Work item - An exact copy is needed of the lines in the entries below from the line with "Uscator de par" up to and including the line with "Mönstrad blus Kelly", and of nothing else. Leave the pictures out.

Dataset extract -
===============
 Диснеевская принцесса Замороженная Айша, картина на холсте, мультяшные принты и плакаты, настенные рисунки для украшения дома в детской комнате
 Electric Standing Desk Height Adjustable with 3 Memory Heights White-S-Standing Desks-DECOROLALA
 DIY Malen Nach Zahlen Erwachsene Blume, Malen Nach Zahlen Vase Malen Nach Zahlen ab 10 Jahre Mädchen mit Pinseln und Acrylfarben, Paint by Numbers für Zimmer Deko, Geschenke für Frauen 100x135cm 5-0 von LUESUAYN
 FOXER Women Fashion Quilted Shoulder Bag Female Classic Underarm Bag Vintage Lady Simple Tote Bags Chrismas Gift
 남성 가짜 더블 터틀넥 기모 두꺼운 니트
===============
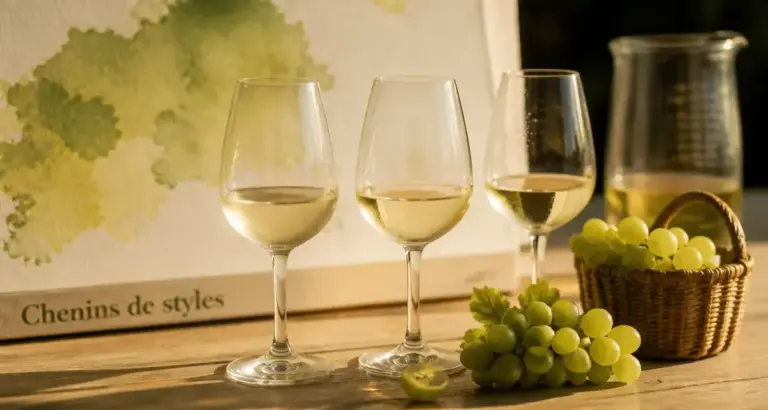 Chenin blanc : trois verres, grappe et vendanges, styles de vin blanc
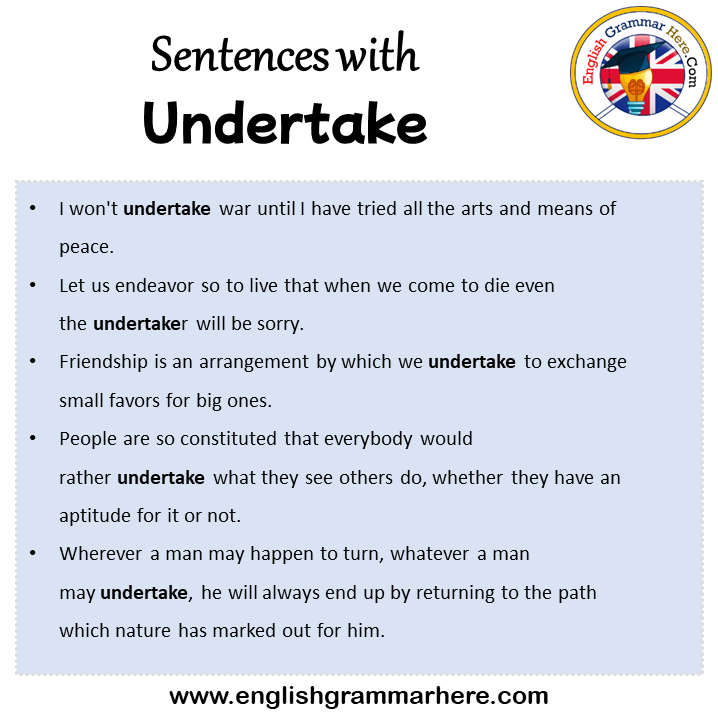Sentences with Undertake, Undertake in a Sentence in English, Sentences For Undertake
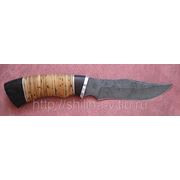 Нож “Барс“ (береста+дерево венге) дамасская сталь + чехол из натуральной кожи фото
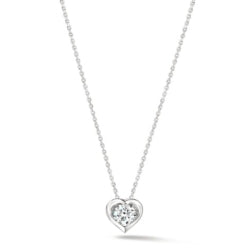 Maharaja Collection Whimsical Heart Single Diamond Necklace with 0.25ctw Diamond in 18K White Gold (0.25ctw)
===============
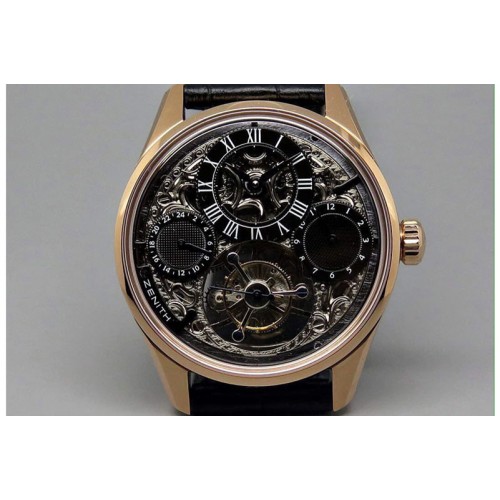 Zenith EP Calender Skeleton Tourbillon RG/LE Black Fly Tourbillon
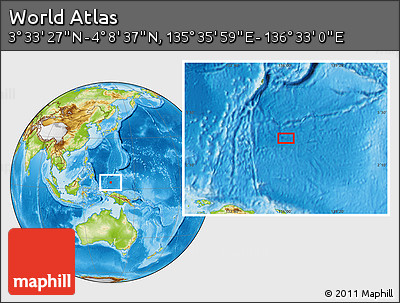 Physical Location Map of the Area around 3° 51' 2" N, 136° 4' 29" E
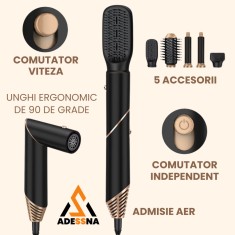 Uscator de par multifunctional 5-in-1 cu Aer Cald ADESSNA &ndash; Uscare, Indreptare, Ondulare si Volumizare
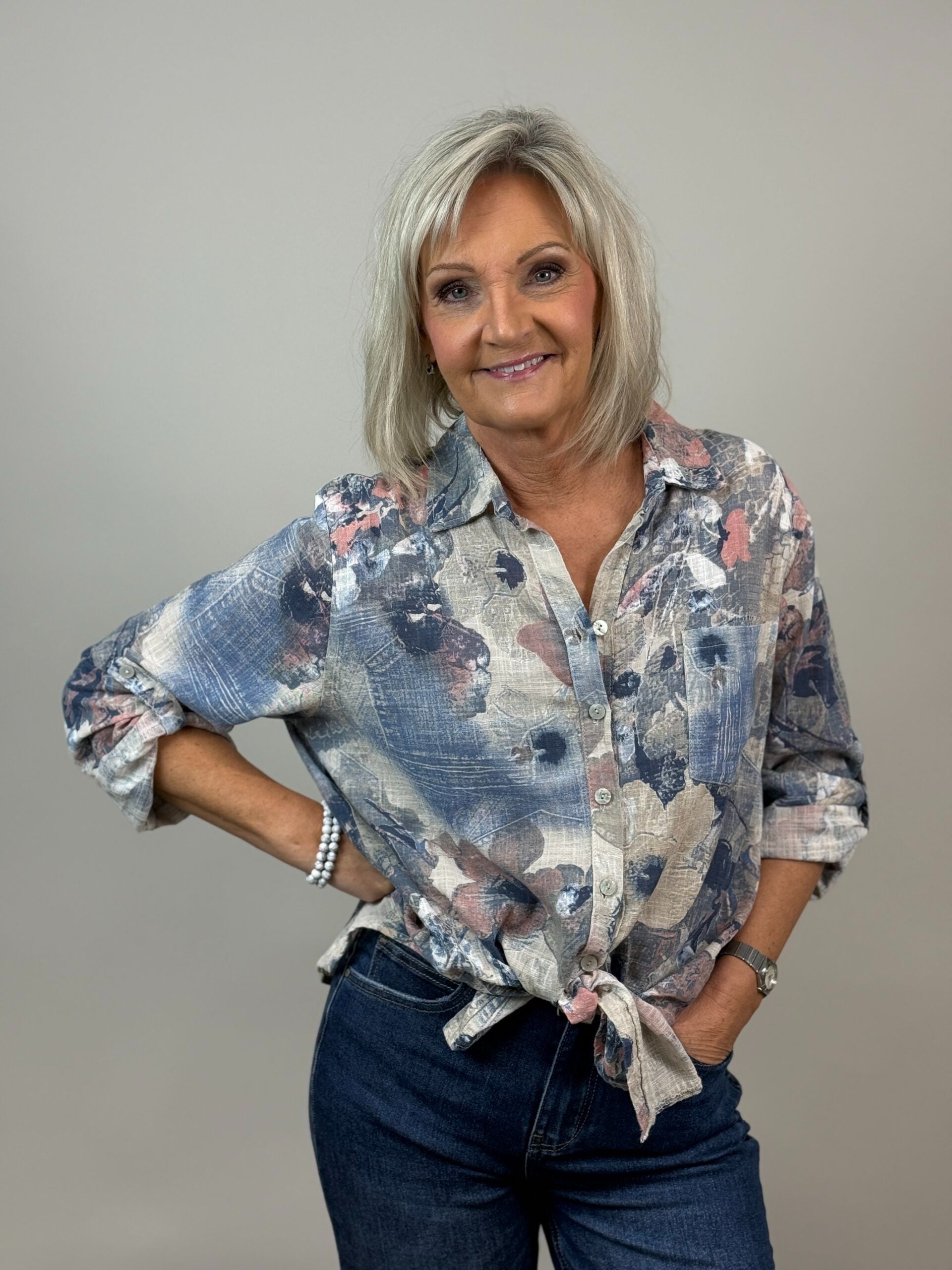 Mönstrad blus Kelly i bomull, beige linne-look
===============
Solved problem -
 Uscator de par multifunctional 5-in-1 cu Aer Cald ADESSNA &ndash; Uscare, Indreptare, Ondulare si Volumizare
 Mönstrad blus Kelly i bomull, beige linne-look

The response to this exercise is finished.